- Date: 7–13 October
- Edition: 19th
- Category: Tier II
- Draw: 28S / 16D
- Prize money: $450,000
- Surface: Hard (Greenset) / indoor
- Location: Filderstadt, Germany
- Venue: Filderstadt Tennis Club

Champions

Singles
- Martina Hingis

Doubles
- Nicole Arendt / Jana Novotná
- ← 1995 · Porsche Tennis Grand Prix · 1997 →

= 1996 Porsche Tennis Grand Prix =

The 1996 Porsche Tennis Grand Prix was a women's tennis tournament played on indoor hard courts at the Filderstadt Tennis Club in Filderstadt in Germany that was part of Tier II of the 1996 WTA Tour.

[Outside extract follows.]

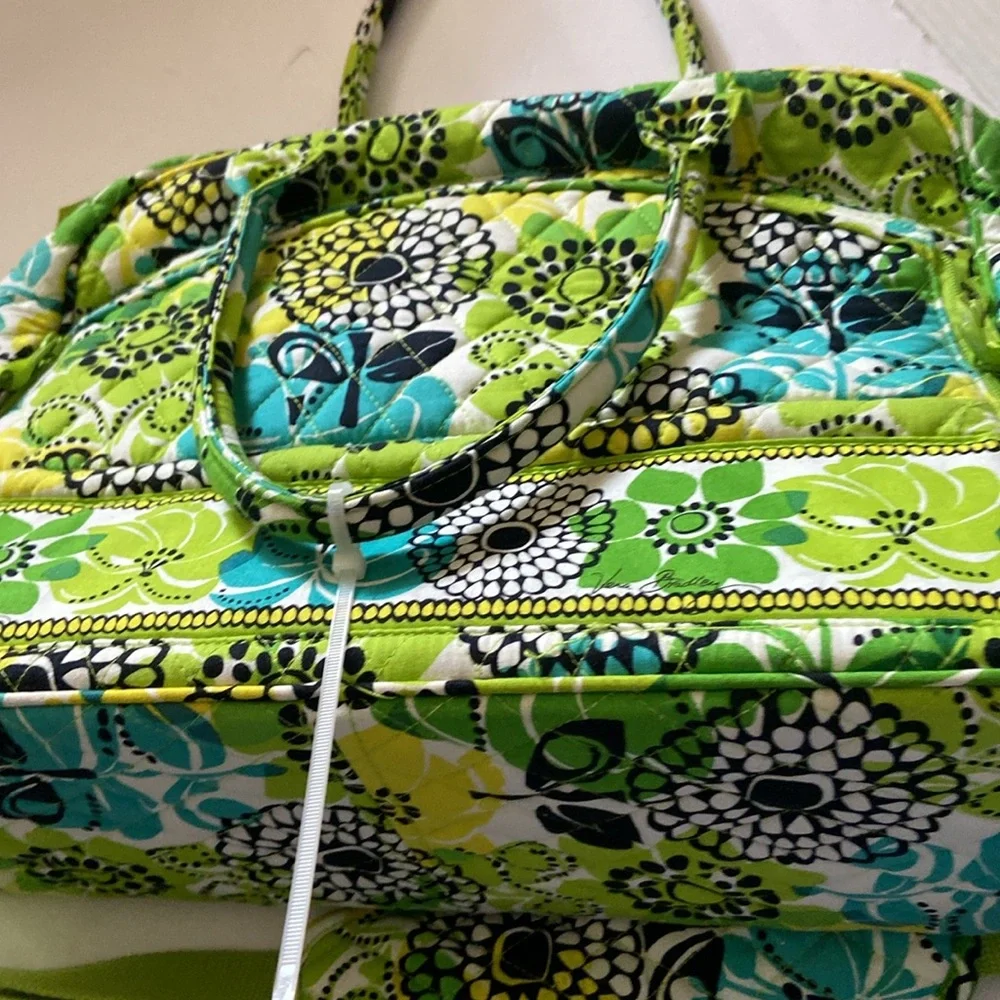 Vera BradleyFloral Green and Blue Women's Bag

It was the 19th edition of the tournament and was held from 7 October until 13 October 1996. Eighth-seeded Martina Hingis won the singles title.

==Finals==
===Singles===

SUI Martina Hingis defeated GER Anke Huber 6–2, 3–6, 6–3
- It was Hingis' 1st singles title of the year and of her career.

===Doubles===

USA Nicole Arendt / CZE Jana Novotná defeated SUI Martina Hingis / CZE Helena Suková 6–2, 6–3
- It was Arendt's 2nd title of the year and the 9th of her career. It was Novotná's 7th title of the year and the 73rd of her career.